[THE DATA — start]

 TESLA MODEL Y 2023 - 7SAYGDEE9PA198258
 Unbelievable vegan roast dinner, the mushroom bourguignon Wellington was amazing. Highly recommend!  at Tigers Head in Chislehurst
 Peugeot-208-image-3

[THE DATA — finish]

**WHAT TO DO**. An exact repeat of the lines from the one containing "Unbelievable vegan roast" through the final line above, both included, is the whole answer.

**RESPONSE**.
 Unbelievable vegan roast dinner, the mushroom bourguignon Wellington was amazing. Highly recommend!  at Tigers Head in Chislehurst
 Peugeot-208-image-3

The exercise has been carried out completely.